Problem requirements »
Transcribe exactly the first line of the listing below and each line that follows it, ending with the line that contains "Zootherrarium yetişkin kertenkele", and omit the remainder.

Source data »

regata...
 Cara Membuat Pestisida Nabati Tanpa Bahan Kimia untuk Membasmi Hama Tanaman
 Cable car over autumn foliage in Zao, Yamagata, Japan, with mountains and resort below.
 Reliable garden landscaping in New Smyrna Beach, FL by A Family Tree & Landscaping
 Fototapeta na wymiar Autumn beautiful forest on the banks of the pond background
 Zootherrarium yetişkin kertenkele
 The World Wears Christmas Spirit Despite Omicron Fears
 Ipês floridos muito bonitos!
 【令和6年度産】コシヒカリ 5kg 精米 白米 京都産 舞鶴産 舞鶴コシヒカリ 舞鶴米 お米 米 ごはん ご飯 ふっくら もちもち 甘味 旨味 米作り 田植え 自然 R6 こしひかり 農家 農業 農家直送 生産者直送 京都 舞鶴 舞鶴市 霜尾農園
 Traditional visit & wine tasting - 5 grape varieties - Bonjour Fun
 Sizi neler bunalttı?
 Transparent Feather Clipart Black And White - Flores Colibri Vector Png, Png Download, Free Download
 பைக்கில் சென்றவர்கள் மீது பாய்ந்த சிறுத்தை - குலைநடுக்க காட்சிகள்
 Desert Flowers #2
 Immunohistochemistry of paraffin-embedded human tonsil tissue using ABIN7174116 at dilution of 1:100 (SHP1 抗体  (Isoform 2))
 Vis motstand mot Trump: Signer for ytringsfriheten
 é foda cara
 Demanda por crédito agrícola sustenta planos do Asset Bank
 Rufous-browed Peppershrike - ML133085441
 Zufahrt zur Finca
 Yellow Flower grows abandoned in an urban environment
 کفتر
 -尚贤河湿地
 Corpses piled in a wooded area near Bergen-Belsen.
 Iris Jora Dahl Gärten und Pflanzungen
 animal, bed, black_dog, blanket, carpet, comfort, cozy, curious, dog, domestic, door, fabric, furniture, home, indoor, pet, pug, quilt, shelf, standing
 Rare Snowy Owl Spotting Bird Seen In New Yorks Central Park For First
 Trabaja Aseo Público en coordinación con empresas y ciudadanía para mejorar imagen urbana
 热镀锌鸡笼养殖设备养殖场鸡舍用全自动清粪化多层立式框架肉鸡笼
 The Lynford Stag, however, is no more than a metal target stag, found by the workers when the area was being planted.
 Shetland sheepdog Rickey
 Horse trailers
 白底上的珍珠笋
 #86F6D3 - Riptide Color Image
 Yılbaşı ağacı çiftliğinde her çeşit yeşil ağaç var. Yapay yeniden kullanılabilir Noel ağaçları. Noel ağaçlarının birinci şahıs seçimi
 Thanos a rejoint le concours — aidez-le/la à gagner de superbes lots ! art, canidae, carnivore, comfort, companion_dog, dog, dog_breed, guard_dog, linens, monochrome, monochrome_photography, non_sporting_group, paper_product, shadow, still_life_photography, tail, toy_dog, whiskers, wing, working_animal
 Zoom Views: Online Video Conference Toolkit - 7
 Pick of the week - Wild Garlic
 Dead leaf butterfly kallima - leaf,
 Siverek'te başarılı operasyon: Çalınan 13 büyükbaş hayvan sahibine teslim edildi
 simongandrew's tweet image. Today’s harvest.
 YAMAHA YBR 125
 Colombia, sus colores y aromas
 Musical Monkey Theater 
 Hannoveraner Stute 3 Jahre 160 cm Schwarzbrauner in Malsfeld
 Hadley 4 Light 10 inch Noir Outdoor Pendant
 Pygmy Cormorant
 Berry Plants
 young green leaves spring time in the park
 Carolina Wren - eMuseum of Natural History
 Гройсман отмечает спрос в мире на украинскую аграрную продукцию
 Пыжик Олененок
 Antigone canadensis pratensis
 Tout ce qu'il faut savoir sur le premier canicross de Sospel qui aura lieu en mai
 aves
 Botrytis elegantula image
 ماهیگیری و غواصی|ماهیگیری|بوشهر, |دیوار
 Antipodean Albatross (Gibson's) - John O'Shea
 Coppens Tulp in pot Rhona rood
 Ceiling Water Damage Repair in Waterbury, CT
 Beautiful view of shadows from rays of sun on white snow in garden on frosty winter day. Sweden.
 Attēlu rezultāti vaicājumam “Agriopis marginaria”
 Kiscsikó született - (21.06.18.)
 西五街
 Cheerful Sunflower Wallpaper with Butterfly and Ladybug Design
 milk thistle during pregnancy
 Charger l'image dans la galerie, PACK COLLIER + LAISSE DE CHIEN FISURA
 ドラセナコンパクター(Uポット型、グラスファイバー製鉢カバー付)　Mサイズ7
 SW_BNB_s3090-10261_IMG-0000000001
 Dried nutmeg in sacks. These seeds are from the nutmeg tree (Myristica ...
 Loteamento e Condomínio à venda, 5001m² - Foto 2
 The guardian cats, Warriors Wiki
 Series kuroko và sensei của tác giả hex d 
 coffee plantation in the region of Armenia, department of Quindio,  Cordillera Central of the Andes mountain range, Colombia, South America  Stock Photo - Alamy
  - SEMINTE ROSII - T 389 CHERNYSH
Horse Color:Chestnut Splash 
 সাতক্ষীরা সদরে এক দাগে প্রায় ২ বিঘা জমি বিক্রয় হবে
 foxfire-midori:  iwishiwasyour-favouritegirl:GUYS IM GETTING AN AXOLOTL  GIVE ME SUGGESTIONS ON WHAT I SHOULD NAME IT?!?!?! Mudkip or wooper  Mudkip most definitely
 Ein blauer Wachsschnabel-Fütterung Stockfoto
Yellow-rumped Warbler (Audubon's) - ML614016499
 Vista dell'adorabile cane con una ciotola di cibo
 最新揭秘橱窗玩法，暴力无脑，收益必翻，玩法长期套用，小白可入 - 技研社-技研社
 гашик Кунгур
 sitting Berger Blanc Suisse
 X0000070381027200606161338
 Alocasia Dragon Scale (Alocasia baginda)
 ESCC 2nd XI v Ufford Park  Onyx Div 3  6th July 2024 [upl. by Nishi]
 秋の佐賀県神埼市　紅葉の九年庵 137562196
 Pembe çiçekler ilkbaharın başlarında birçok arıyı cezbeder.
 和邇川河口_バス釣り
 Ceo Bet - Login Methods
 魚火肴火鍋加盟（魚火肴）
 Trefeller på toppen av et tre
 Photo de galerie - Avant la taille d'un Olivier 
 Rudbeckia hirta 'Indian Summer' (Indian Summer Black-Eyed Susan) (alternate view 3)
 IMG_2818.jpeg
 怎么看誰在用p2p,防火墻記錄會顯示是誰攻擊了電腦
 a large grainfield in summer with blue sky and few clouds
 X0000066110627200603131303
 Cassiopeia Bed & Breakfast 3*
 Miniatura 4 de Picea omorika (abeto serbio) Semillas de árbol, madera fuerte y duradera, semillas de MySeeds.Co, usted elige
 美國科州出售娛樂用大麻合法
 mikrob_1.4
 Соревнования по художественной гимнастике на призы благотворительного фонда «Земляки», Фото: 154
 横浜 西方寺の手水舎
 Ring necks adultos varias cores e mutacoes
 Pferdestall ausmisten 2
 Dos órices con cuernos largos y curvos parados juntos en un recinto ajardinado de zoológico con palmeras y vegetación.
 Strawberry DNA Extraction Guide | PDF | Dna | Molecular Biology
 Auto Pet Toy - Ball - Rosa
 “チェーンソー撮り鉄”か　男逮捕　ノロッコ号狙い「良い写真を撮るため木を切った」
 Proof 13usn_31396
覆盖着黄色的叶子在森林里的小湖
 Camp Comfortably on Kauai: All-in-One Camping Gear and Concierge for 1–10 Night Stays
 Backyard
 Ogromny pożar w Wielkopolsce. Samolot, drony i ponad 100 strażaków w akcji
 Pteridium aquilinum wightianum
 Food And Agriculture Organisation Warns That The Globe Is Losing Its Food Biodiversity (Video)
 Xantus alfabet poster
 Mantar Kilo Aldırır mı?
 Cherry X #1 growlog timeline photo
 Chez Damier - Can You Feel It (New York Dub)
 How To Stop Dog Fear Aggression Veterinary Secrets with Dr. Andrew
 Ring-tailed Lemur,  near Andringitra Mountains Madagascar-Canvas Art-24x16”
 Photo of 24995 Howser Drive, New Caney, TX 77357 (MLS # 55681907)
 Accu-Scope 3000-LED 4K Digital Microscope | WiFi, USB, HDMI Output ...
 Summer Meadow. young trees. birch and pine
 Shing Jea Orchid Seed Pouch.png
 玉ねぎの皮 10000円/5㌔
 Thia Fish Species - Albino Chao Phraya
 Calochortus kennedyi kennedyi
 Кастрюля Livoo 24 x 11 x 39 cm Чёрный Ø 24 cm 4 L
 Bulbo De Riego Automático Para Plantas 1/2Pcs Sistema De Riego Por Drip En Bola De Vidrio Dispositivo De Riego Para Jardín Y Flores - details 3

Task response »
regata...
 Cara Membuat Pestisida Nabati Tanpa Bahan Kimia untuk Membasmi Hama Tanaman
 Cable car over autumn foliage in Zao, Yamagata, Japan, with mountains and resort below.
 Reliable garden landscaping in New Smyrna Beach, FL by A Family Tree & Landscaping
 Fototapeta na wymiar Autumn beautiful forest on the banks of the pond background
 Zootherrarium yetişkin kertenkele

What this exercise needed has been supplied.